*** Source records ***
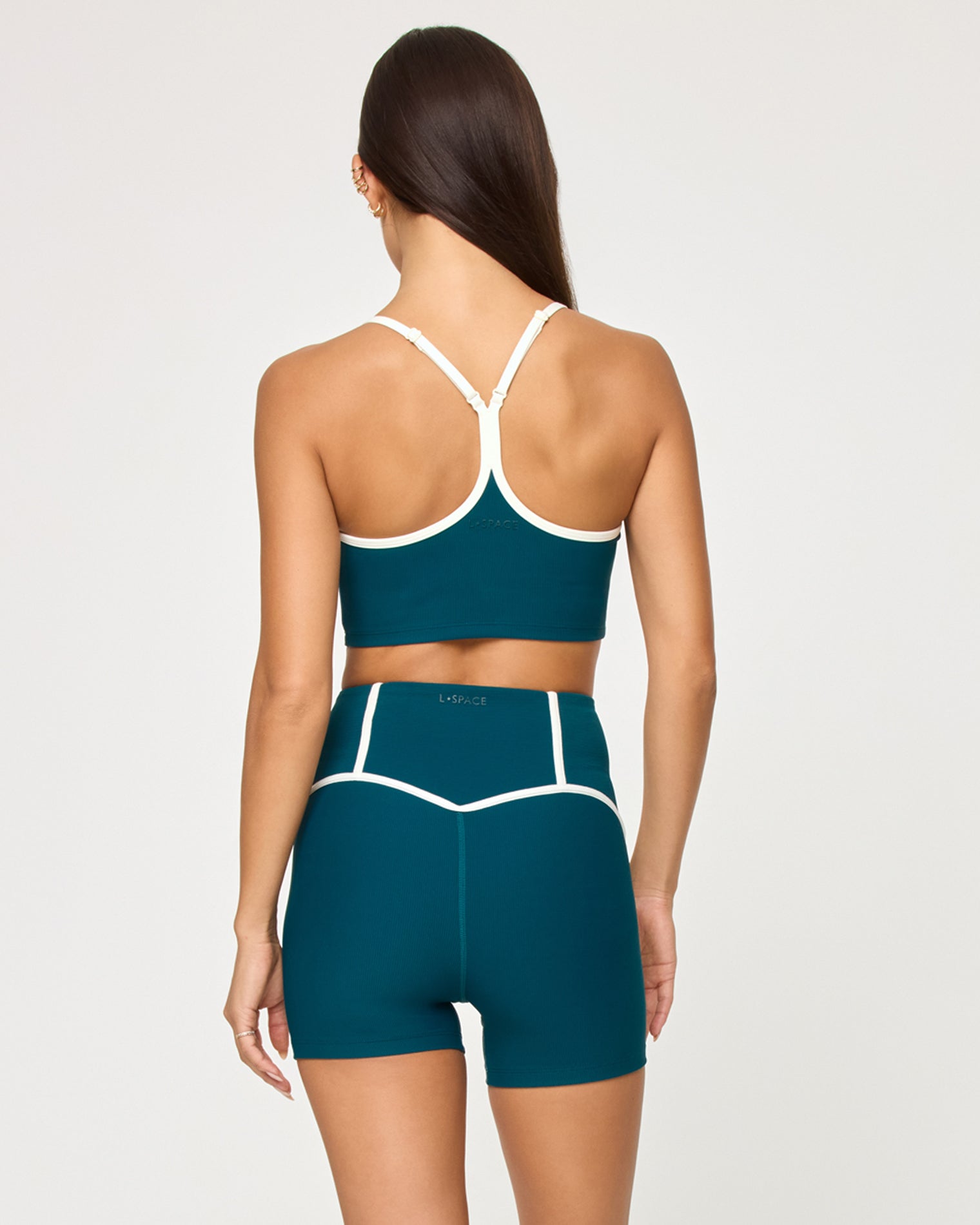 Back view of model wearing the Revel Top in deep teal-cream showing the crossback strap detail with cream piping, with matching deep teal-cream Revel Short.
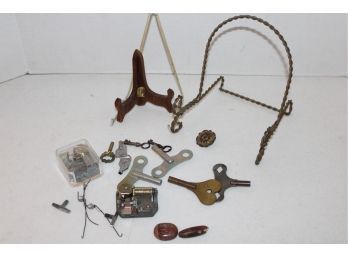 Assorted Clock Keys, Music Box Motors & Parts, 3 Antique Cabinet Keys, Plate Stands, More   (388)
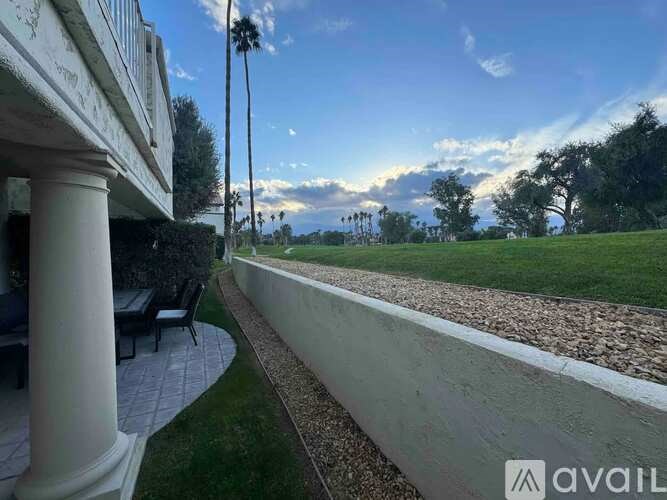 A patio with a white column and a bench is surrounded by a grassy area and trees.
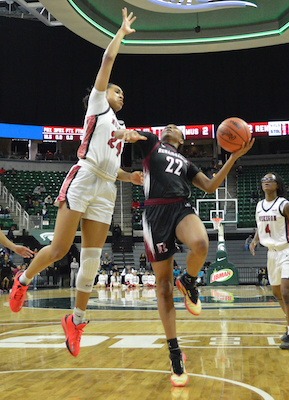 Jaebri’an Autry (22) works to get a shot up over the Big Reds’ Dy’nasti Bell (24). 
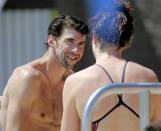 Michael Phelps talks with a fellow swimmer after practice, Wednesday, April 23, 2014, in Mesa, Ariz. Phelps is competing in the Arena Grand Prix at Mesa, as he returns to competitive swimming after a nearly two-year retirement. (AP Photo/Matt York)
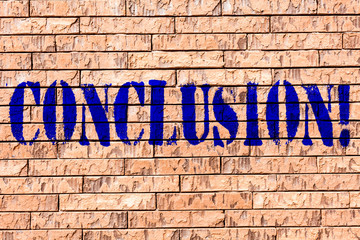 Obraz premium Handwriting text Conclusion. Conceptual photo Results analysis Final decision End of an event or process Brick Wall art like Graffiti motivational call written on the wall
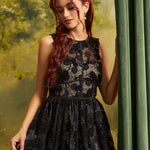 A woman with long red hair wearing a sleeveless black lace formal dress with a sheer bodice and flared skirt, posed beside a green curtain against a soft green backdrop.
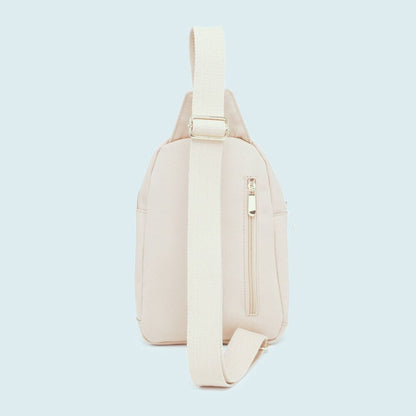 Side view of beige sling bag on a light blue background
*** End of Source records ***
Task brief:
Everything in the records except the pictures should be printed again exactly.

Answer to this task:
 Back view of model wearing the Revel Top in deep teal-cream showing the crossback strap detail with cream piping, with matching deep teal-cream Revel Short.
 Assorted Clock Keys, Music Box Motors & Parts, 3 Antique Cabinet Keys, Plate Stands, More   (388)
 A patio with a white column and a bench is surrounded by a grassy area and trees.
 Jaebri’an Autry (22) works to get a shot up over the Big Reds’ Dy’nasti Bell (24). 
 Michael Phelps talks with a fellow swimmer after practice, Wednesday, April 23, 2014, in Mesa, Ariz. Phelps is competing in the Arena Grand Prix at Mesa, as he returns to competitive swimming after a nearly two-year retirement. (AP Photo/Matt York)
 Obraz premium Handwriting text Conclusion. Conceptual photo Results analysis Final decision End of an event or process Brick Wall art like Graffiti motivational call written on the wall
 A woman with long red hair wearing a sleeveless black lace formal dress with a sheer bodice and flared skirt, posed beside a green curtain against a soft green backdrop.
 Side view of beige sling bag on a light blue background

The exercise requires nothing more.